As always, Kimberly’s harvest of articles and thoughts that sparked their research for them as well as her feedback on them is priceless! I’d like to give her my express thanks for going about this important work in this candid, courageous, intelligent and far-sighted way!

If I may, I’d like to toss my 2 cents in on her linked blog post and referenced sources : First off, I wholeheartedly agree with Dr. Grogan in that resilience is not a given, but made – or not. In reading and processing the articles she keeps finding and in particular this one, I seem to find more and more evidence in my history of coping that I may not have developed resilience at all, but seem to get it confused with rather unhealthy ways of coping, which go from compartmentalizing events and their emotional outcomes to the extreme on this spectrum that is commonly coined as “dissociating” – because I had no other option for survival at the time of traumatization, as Miller points out so well. (I keep coming back to her a lot, do I? I know. Probably, because I find her insights to be deep and quite simply true, speaking and extrapolating from my own experiences). In my own attempts of reversing the latter, i.e. compartmentalizing, dissociating etc. and in hoping to come home to the nearest possible authentic version of me – emotionally speaking -, I often find myself overwhelmed with fear and going straight into a panic attack, simply from realizing that I lack the nurturing foundation in certain regards and with certain experiences. Having said this, I think Dr. Grogan puts this experience in a nutshell when expressing her concern that “It’s terrifying to think that we might not optimize their brain development, and that we might impair their capacity for emotional intimacy, social harmony, and even genuine happiness.”

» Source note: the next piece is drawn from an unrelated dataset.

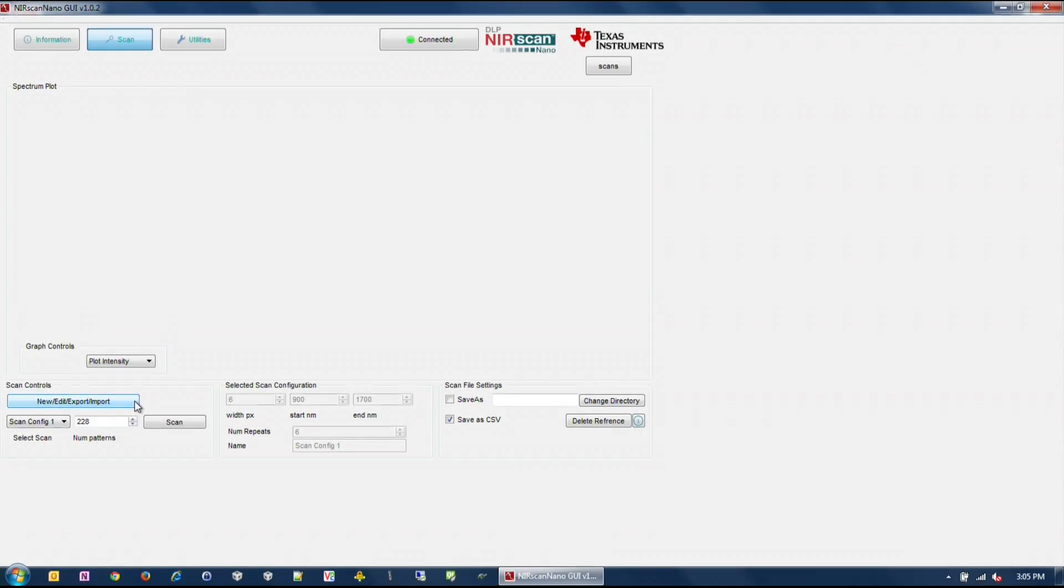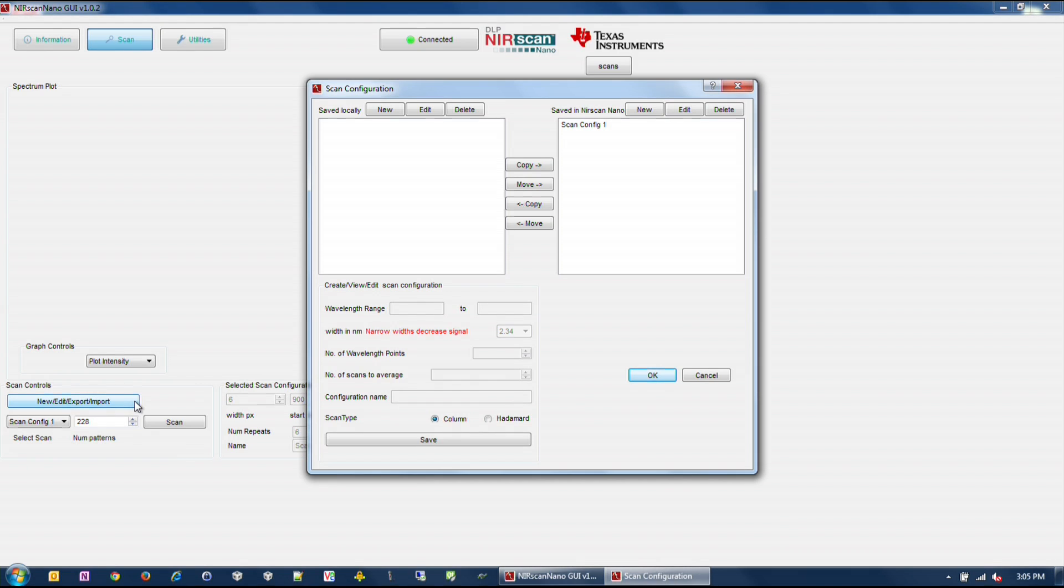To create a scan configuration, click on the New Edit Export Import button in the Scan Control box to invoke the Scan Configuration dialog box. The Scan Configuration dialog box has three sections.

I don’t mean to shoot down Kimberly’s hypothesis or her journey as an informed patient. As for myself and from experience, I luckily found that I’m indeed not all incapable of intimacy. In retrospect, I’m not all sure any more, though, whether I really enjoyed that intimacy or wether I just settled for it from an understanding that non-affected persons see varying degrees of intimacy as the foundation of any healthy relationship. I really don’t know… Social harmony… has remained to be an effort I need to make in order not to stand out in inappropriate ways. Happiness? Well, strictly speaking I have no concept of that. I can only guess, whether or not a few select moments that had me experience a greater amount of joy or even exhiliration would pass for that happiness everyone else refers to.

You see… after the past years of affording myself nothing but introspection, research, partial regression and – again, partial – reprocessing or rather: attempts thereof, I’ve currently arrived at a standstill or a junction, where I am not all sure any more, whether or not this concept of emotional regression, regrowth and reprocessin actually works. I’ve heard a former, trusted – one of the better ones – therapist speak of regrowth and renurturing as well. I’ve heard other patients coming back from inpatient care speak of experiences of emotional rebirth. I have watched a documentary of such an experience, starring a wilderness/survival expert who lived with indigenous peoples for a while and was exposed to a ritual involving strong natural hallucinogenes that had him altered for good, as he later reported. Buddhist monks were proven to even express physical reshaping of their brains after years of excessive meditation. In other words: Yes, major alterations of our emotional being are possible and are taking place. What I’ve become slightly less sure of is as to what extent all these alterations always fall back – or not? – on previous experiences made. In yet different words: What I’d like to see and experience is something like “Eternal Sunshine of the Spotless Mind”: Find the “malignant” experience and remove it, then go from there. But that seems to be a rather naive/silly wish, no?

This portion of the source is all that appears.